Today's Bar: An assortment! This “Dark Chocolate Tasting Odyssey” is in the same line as the bar with toffee, walnuts, and pecans and the caramel-filled bar with black sea salt, but it includes seven separate and interesting bars! Two are 2oz versions of full-sized products, the salted caramel bar I've already reviewed and a coconut caramel one I still intend to review, so I won't cover them here. Further, you can buy each of those separately, and I've seen both in stores off-and-on for the last year, so you can probably find them if you want them. In contrast, I've only seen this assortment once, so I'm going to cover it in a two-part mega review rather than stretching it out over five posts.

So what, then, are today's bars? Every bar in the assortment is in 70% cacao, and aside from the two caramel-filled ones discussed above, all are regular chocolate with inclusions. Last week I looked at coffee & cocoa nibs and chili & cinnamon; today is even more interesting, with Almond Ginger, Orange Hibiscus, and Salt & Pepper Potato Chip!

Trader Joe's Dark Chocolate Chocolate Bar 70% Almond Ginger


2oz (57g) bar
Ingredients: Chocolate liquor, sugar, cocoa butter, soy lecithin, vanilla, almonds, ginger, cane sugar, salt
18g sugar/57g serving (31.6% by wt.)

Appearance: Again, plain, slightly purply chocolate, with raised almond pieces on the back and flecks of white almond in cross-section.

Smell: I get the ginger, actually, in the form of something spicy and fragrant within the light, nutty chocolate.

Taste: Saltier than I expected, with crunchy almond slivers and tiny bursts of bright crystallized ginger. All three come in separately, so each bite varies in terms of texture and flavor. The chocolate is still reasonably bland, a little chalky, and sweet, but this bar is more about the inclusions so it works out.

Conclusion: Trader Joe's Dark Chocolate Chocolate Bar 70% Almond Ginger has varied flavor and texture within okay chocolate.
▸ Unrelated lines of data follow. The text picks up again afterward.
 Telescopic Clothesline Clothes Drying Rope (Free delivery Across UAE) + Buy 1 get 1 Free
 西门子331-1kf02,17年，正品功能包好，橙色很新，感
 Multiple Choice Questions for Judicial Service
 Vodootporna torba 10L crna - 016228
Trader Joe's Dark Chocolate Chocolate Bar 70% Orange Hibiscus


2oz (57g) bar
Ingredients: Chocolate liquor, sugar, cocoa butter, soy lecithin, vanilla, hibiscus powder, orange oil, tea: elderberry, apples, hibiscus, rosehip, kiwi, strawberry, sunflower petals, rose, corn flower, raspberry, passionfruit, natural flavors
18g sugar/57g serving (31.6% by wt.)

Appearance: Again, plain, slightly purply chocolate.

Smell: Cohesive but complex fruit, ranging from fragrant and perfumey to sweet-tart.
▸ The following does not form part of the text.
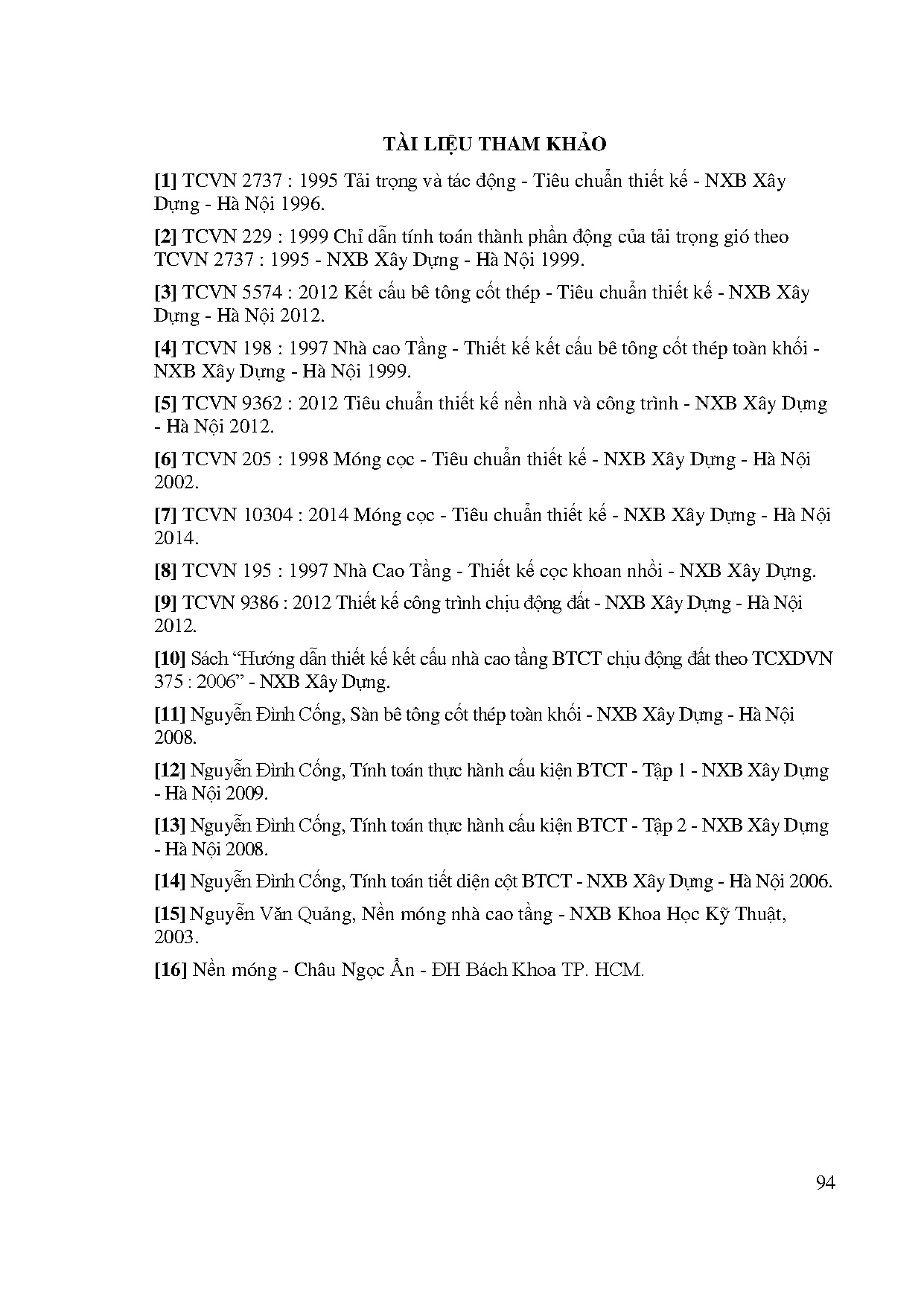 Ảnh một số trang tài liệu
Taste: Hm. The chalkiness of the chocolate base doesn't work here, as it contrasts poorly with the fruit flavor. Aside from that, very fruity and sweet-tart, leaning toward sweet, with tiny crunches, probably the hibiscus powder. I think I can taste the exotic spice of the orange oil, and aside from that it very much reminds me of the sorts of fruit teas that use hibiscus as a foundation, bright and tart and layered. It also works well with the mild chocolate, though I do think it could stand up to a darker, more sour-bitter-beany variety. Unfortunately, the contrast with the texture is awfully weird, and that's what gets to me in the end.
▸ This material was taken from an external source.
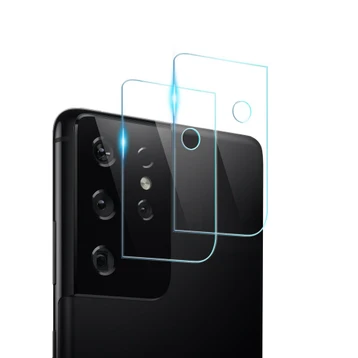 Miếng dán Camera Samsung Galaxy S21 Ultra s-case chống trầy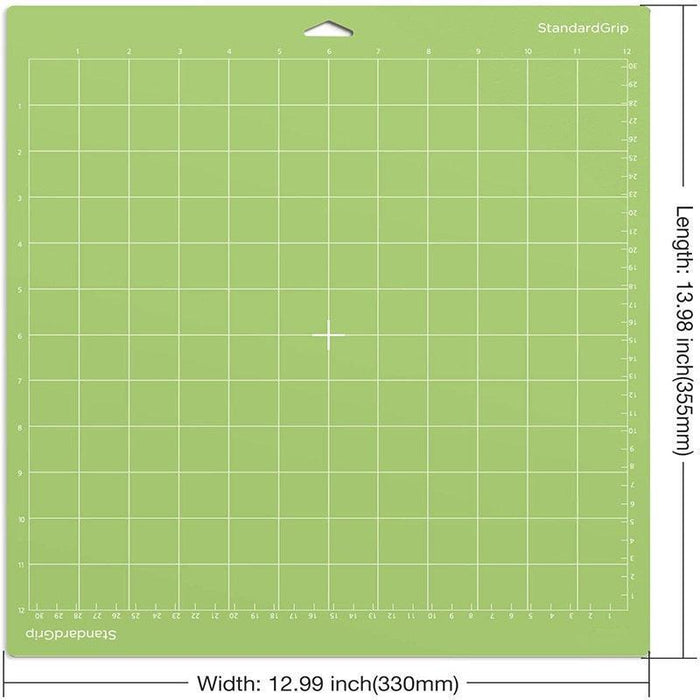 Vibrant Precision Cutting Mat Set for Cricut & Cameo 4 - Engraving Base Plates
Conclusion: Trader Joe's Dark Chocolate Chocolate Bar 70% Orange Hibiscus is complexly fruity, with a chalkiness that contrasts oddly with the flavoring.

Trader Joe's Dark Chocolate Chocolate Bar 70% Salt & Pepper Potato Chip


2oz (57g) bar
Ingredients: Chocolate liquor, sugar, cocoa butter, soy lecithin, vanilla, organic clarified butter, sea salt, potatoes, safflower and/or sunflower oil, rice flour, black pepper, white pepper, yeast extract, garlic powder, onion powder, citric acid, black pepper oil, jalapeño powder
18g sugar/57g serving (31.6% by wt.)

Appearance: Again, plain, slightly purply chocolate.

Smell: Salty and savory on top of light, nutty chocolate.

Taste: Neat! There's the crispy crunch of the potato chips, along with their light, savory flavor (these are “salt and pepper” potato chips, which also means other flavor punchers like yeast extract and garlic and onion powders), a nice amount of salt and pepper...it actually works really well. Again, this chocolate has some unpleasant chalkiness, but it can be overlooked with this inclusion and the mild flavor works much better than would something more “chocolatey,” whose bitter and sour notes would probably contrast poorly and/or overwhelm the savory notes.

Conclusion: Trader Joe's Dark Chocolate Chocolate Bar 70% Salt & Pepper Potato Chip is surprisingly full of potato chips, and their texture and savory flavor works well with the mild chocolate.

Saturday, January 12, 2013

Trader Joe's Takes Flight: A Dark Chocolate Tasting Odyssey, Part I


Corporate Info: (Copied from 1/12/13) Quirky-gourmet grocery store Trader Joe's tends to be hit or miss, with some products being regular purchases for years, some becoming favorites and then disappearing from shelves, and some straight up disappointing. I've had similarly mixed results with their chocolate, but there's constant turnover, they contract with a whole assortment of manufacturers, and they aim for reasonable price points, so it's worth it to keep trying. There isn't much else to say aside from a fun fact: The US's beloved Trader Joe's is owned by Germany's ALDI, which operates discount supermarkets all over Europe—and that explains why we saw packages of dried fruit and nuts labeled Trader Joe's in an ALDI in Osnabrück.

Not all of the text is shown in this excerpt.